## YOUR GOAL
What needs transcribing is the line with "New 2026 Lincoln" and every line after it to the end of the records, exactly and alone, with no pictures.

+ + + +

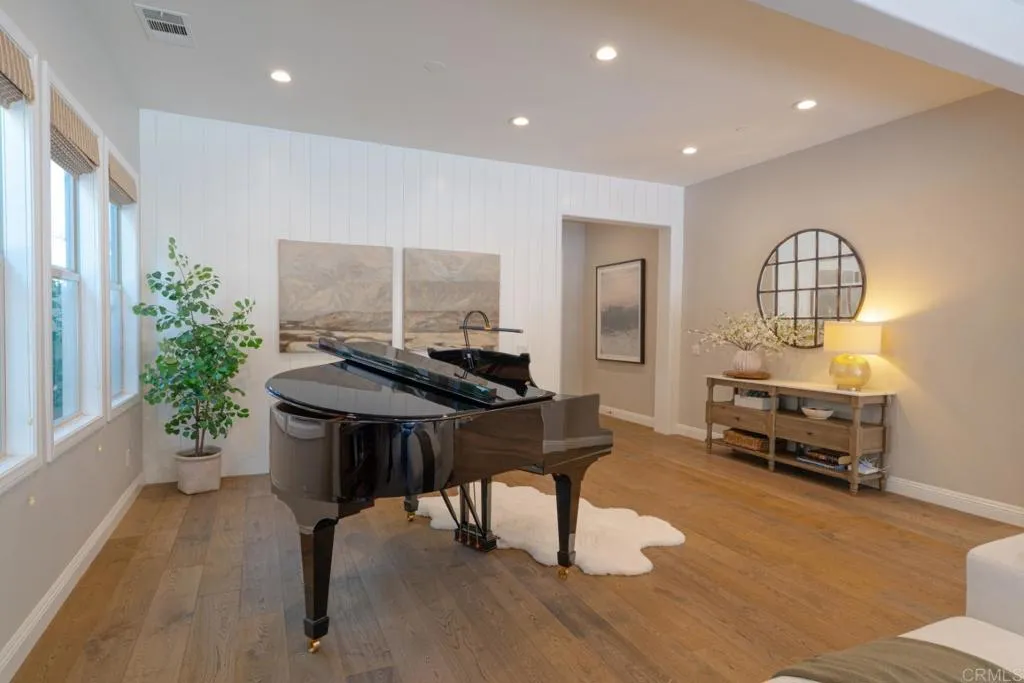 https://cdn.realtyfeed.com/cdn/127/306614696/a6d90e75dcae32493b1aa8c3a0e177f4.webp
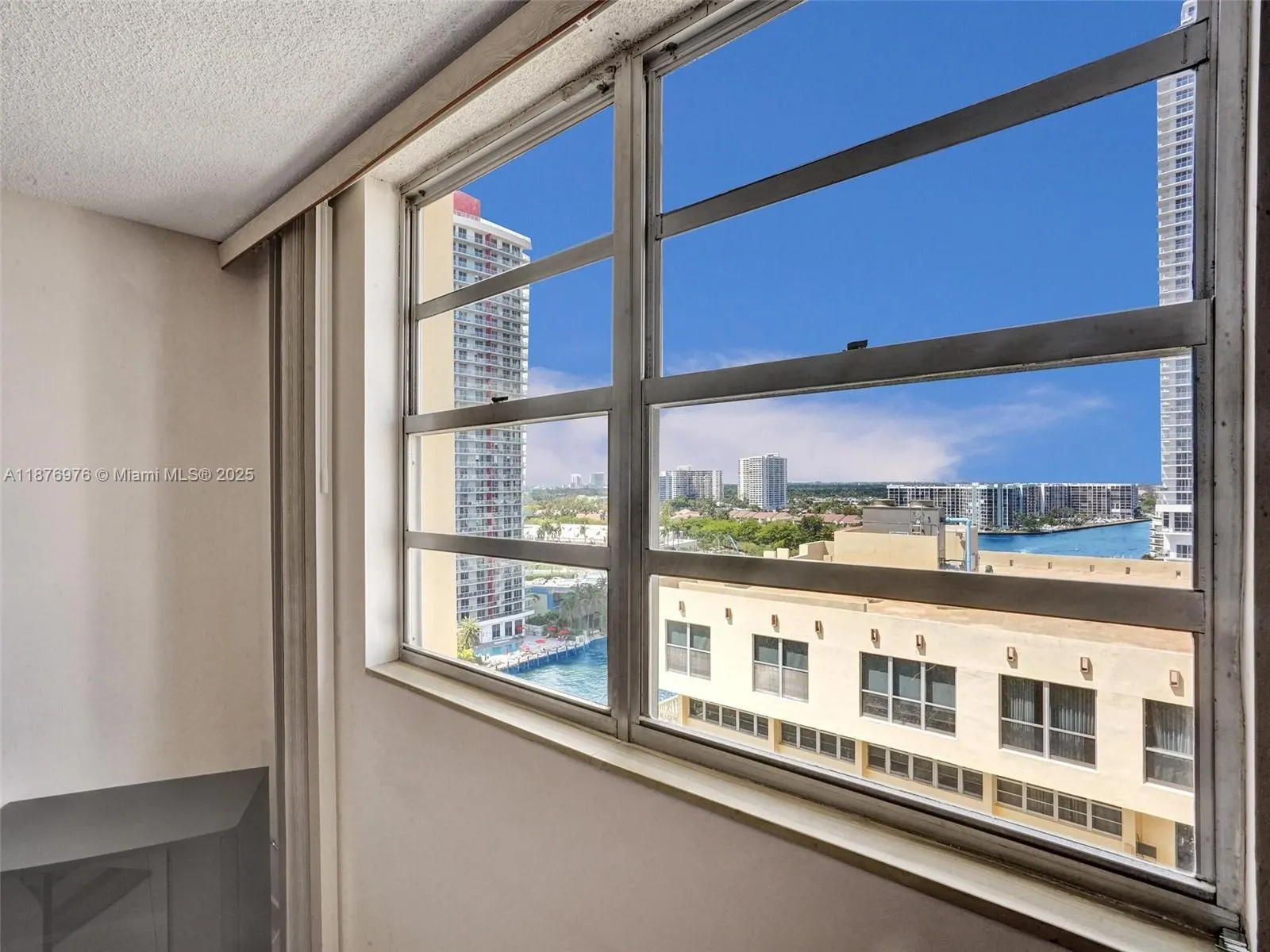 1833 S Ocean Dr, #1511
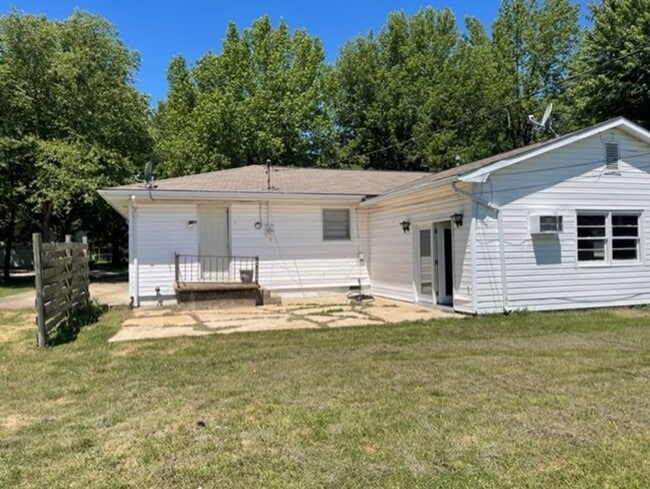 Building Photo - St. James Nice Home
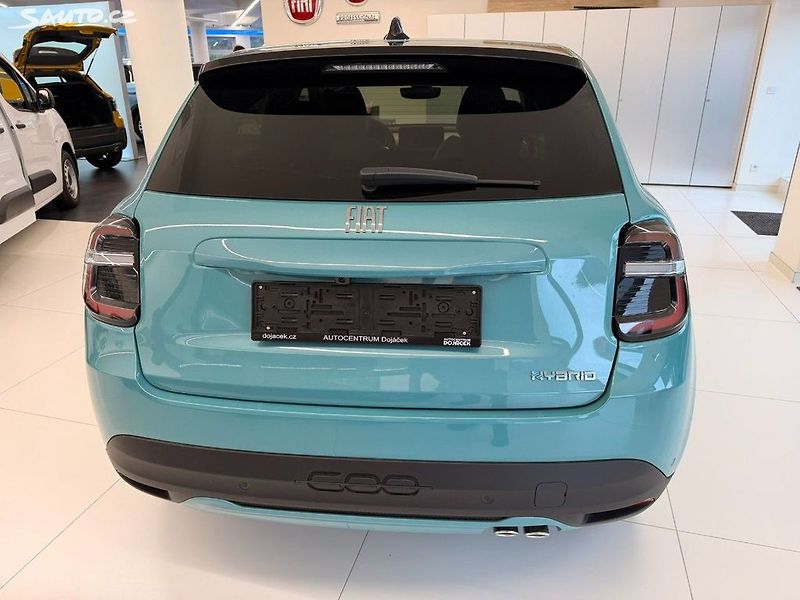 Fiat 600 (2026) La Prima 1.2 Turbo Hybrid 145k - fotka 5 z 16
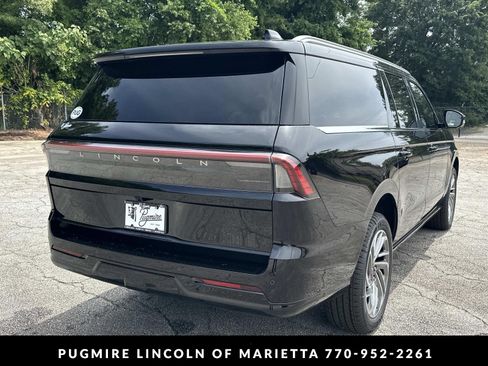New 2026 Lincoln Navigator L Reserve AWD/4WD image 7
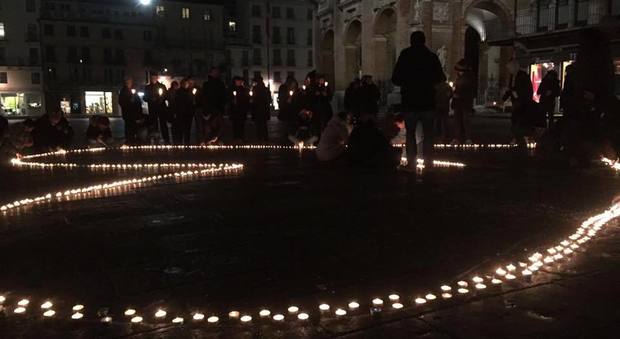 In piazza dei Signori i movimenti gay hanno formato un grande cuore con 1.500 candele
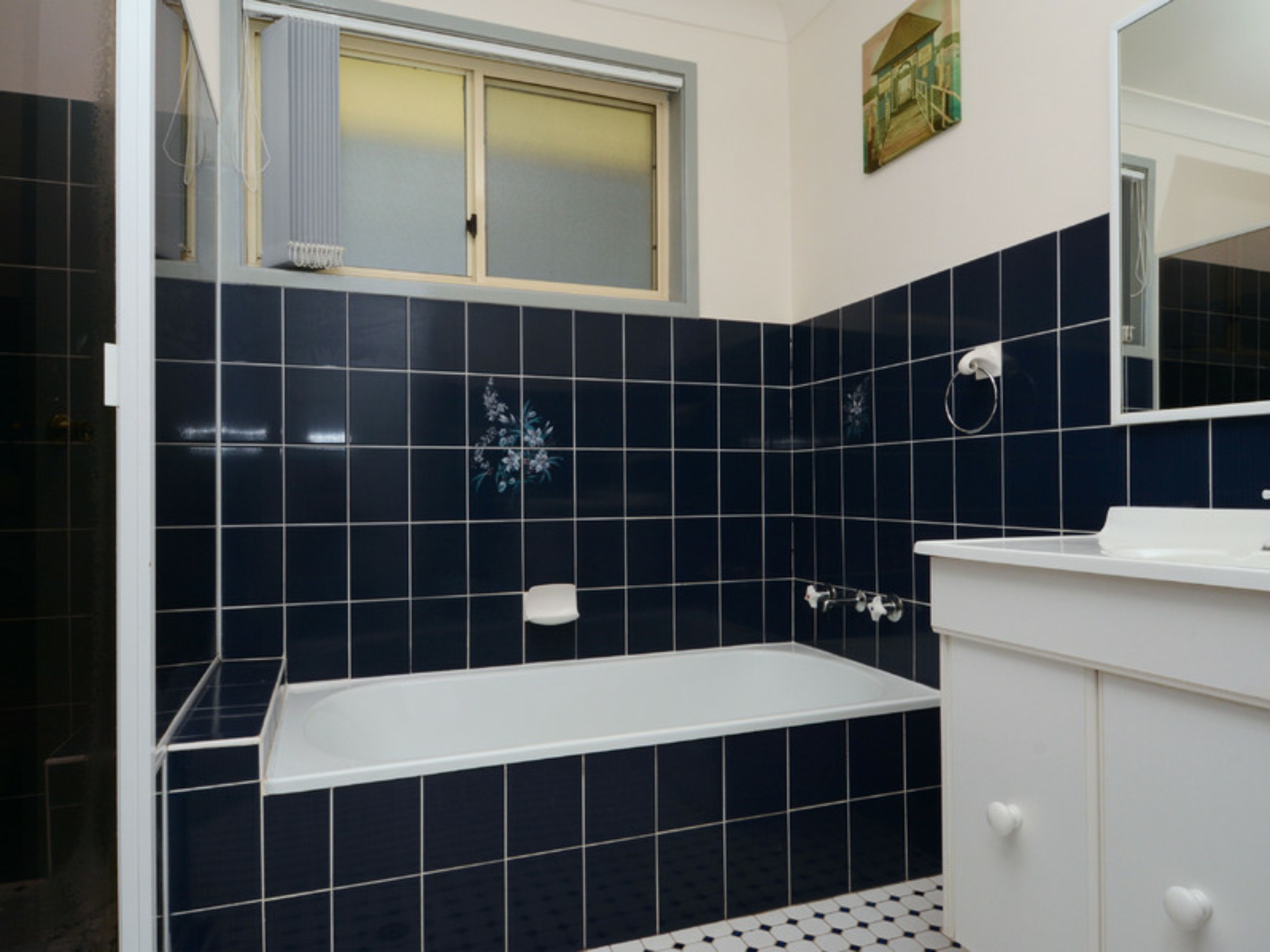 75 Alkrington Avenue, FISHING POINT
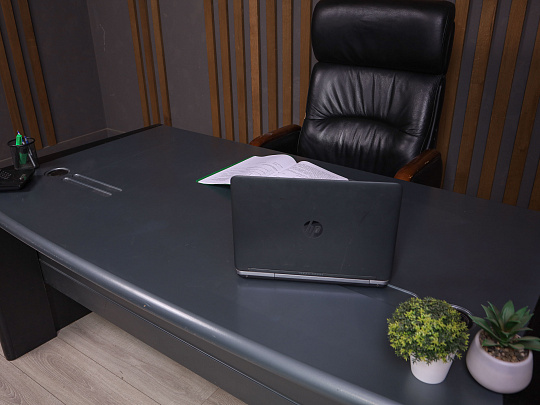 Стол руководителя ДСП Серый Россия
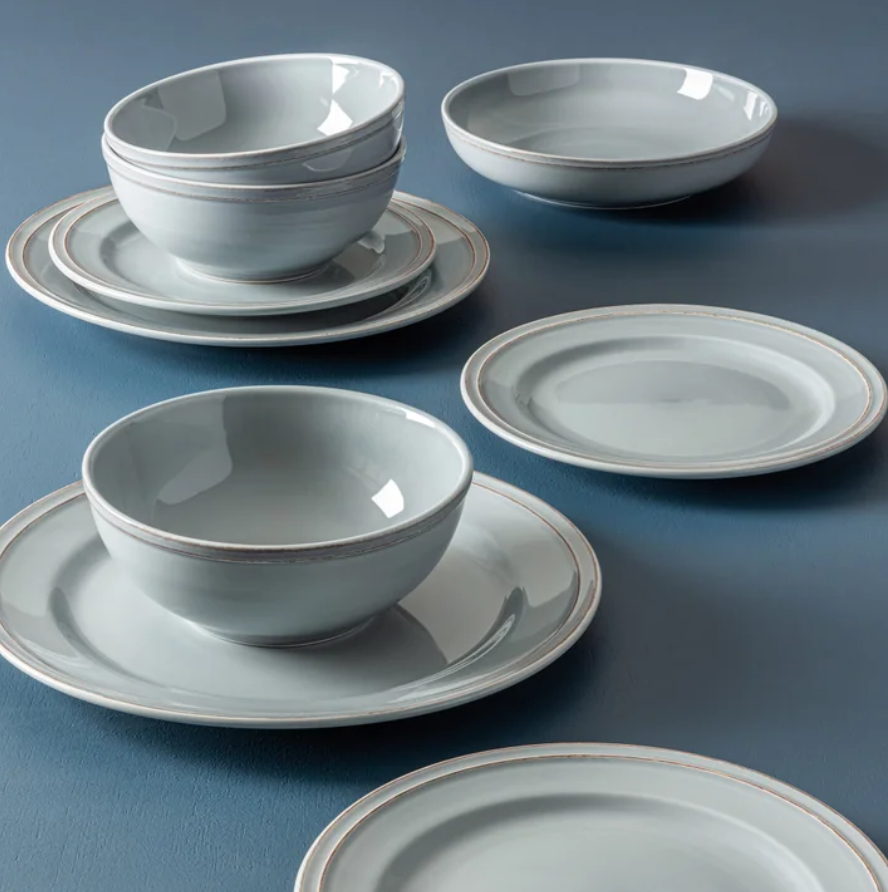 over&back Stoneware Dinnerware Set, 16-pieces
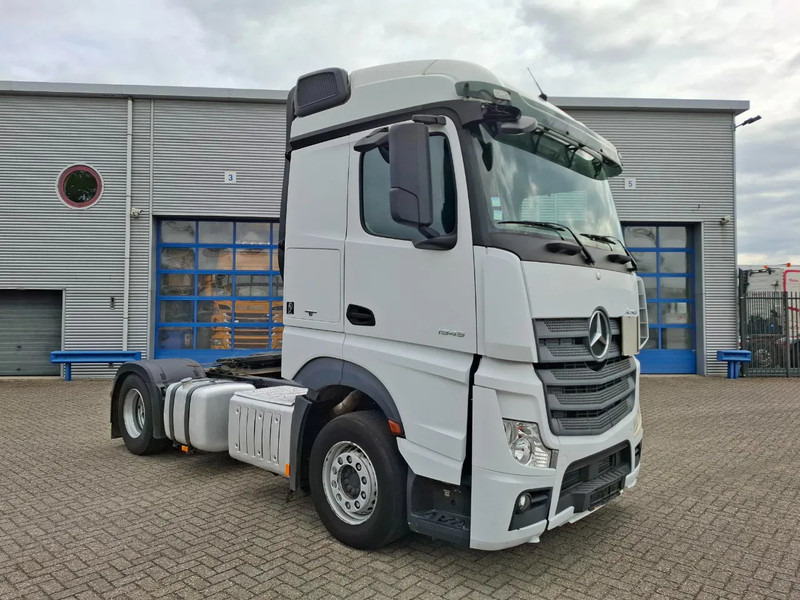 Mercedes-Benz Actros 1945 / DOUBLE TANK / ONLY:508736 KM / 2XBED / FRIDGE / AUTOMATIC / EURO-6 / 2015 - Trekker: afbeelding 2 Mercedes-Benz Actros 1945 / DOUBLE TANK / ONLY:508736 KM / 2XBED / FRIDGE / AUTOMATIC / EURO-6 / 2015 - Trekker: afbeelding 2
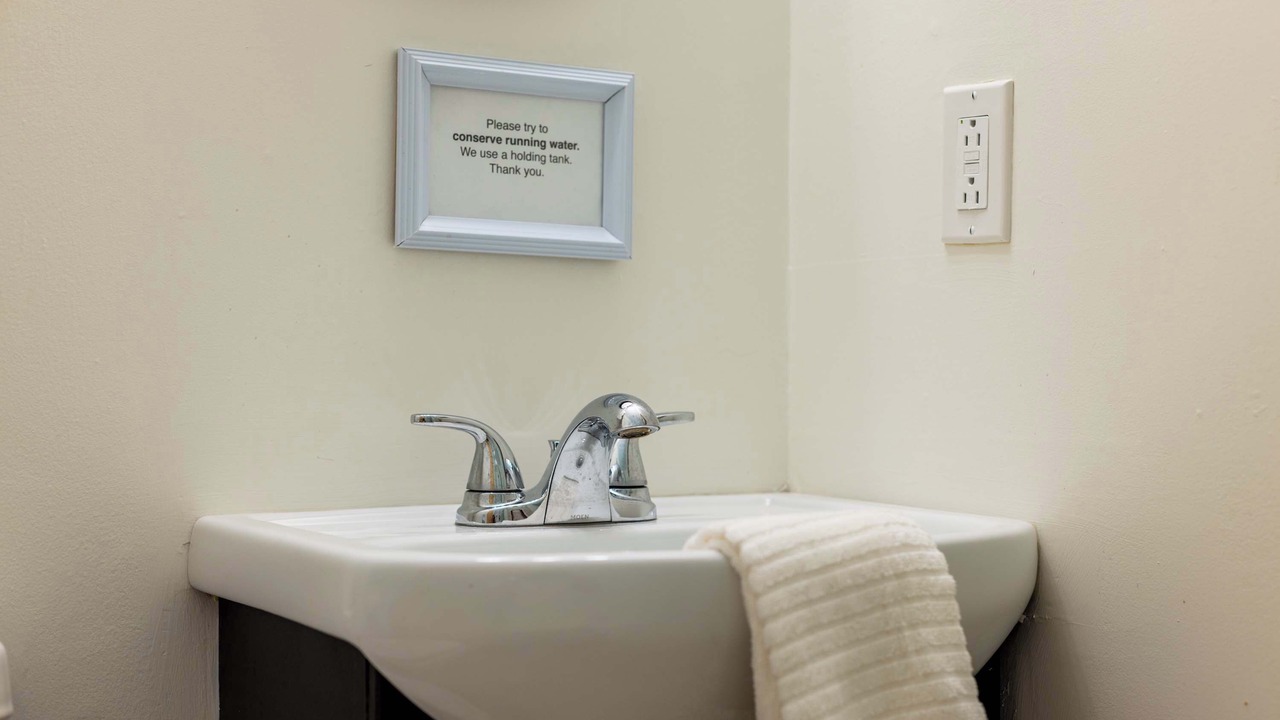 Photo of Bathroom in Central Frontenac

+ + + +

## RESPONSE TO THIS EXERCISE
New 2026 Lincoln Navigator L Reserve AWD/4WD image 7
 In piazza dei Signori i movimenti gay hanno formato un grande cuore con 1.500 candele
 75 Alkrington Avenue, FISHING POINT
 Стол руководителя ДСП Серый Россия
 over&back Stoneware Dinnerware Set, 16-pieces
 Mercedes-Benz Actros 1945 / DOUBLE TANK / ONLY:508736 KM / 2XBED / FRIDGE / AUTOMATIC / EURO-6 / 2015 - Trekker: afbeelding 2 Mercedes-Benz Actros 1945 / DOUBLE TANK / ONLY:508736 KM / 2XBED / FRIDGE / AUTOMATIC / EURO-6 / 2015 - Trekker: afbeelding 2
 Photo of Bathroom in Central Frontenac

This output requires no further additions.